# Provided data
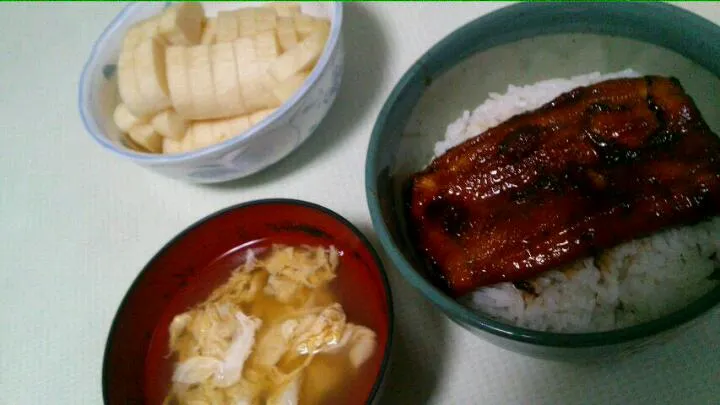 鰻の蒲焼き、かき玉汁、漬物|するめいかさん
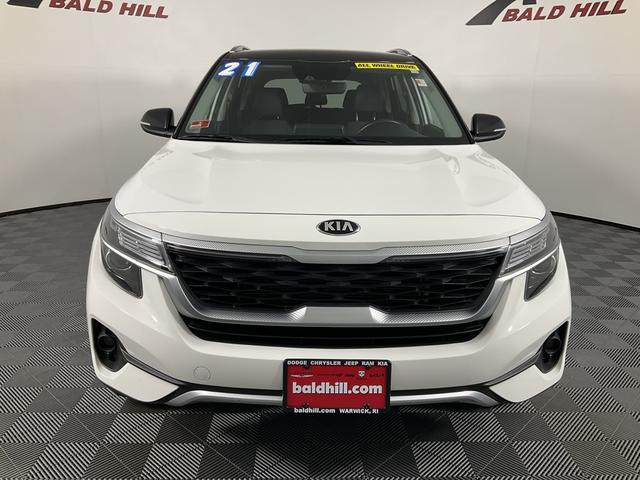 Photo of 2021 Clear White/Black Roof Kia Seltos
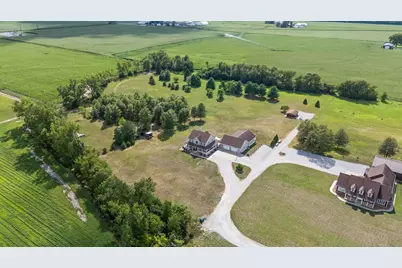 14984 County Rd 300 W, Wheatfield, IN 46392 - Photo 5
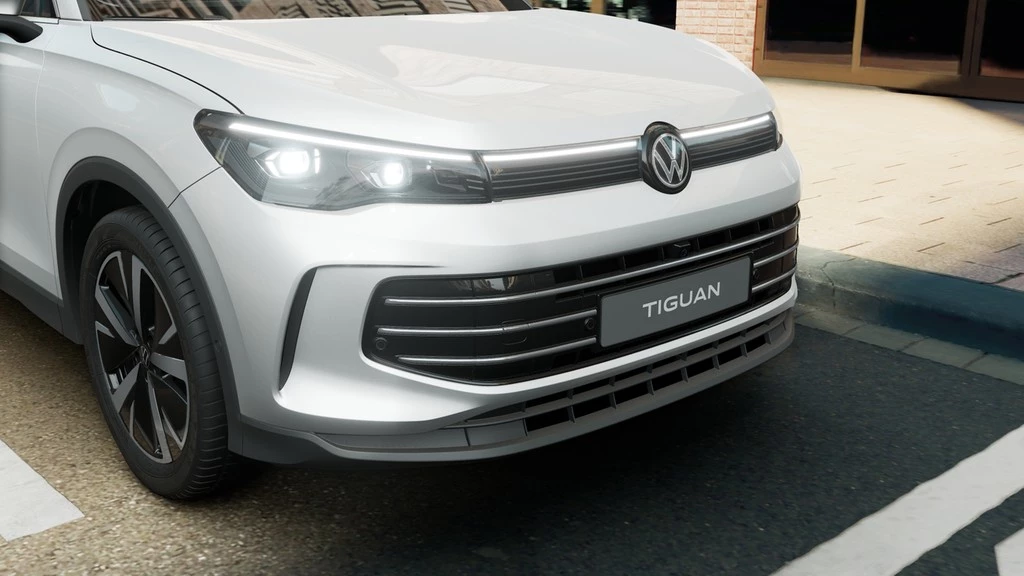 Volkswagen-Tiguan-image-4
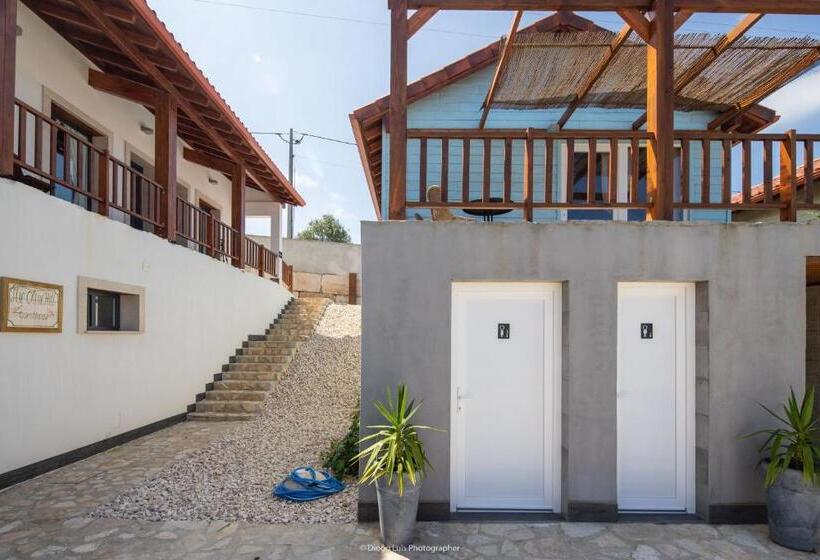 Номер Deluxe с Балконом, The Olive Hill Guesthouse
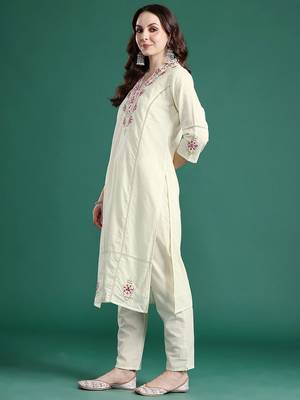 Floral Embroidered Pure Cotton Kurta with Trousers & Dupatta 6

# What the exercise asks
From the line containing "Номер Deluxe с" down to the last line of the entries above, set down every line exactly. Omit all pictures.

# Answer space
 Номер Deluxe с Балконом, The Olive Hill Guesthouse
 Floral Embroidered Pure Cotton Kurta with Trousers & Dupatta 6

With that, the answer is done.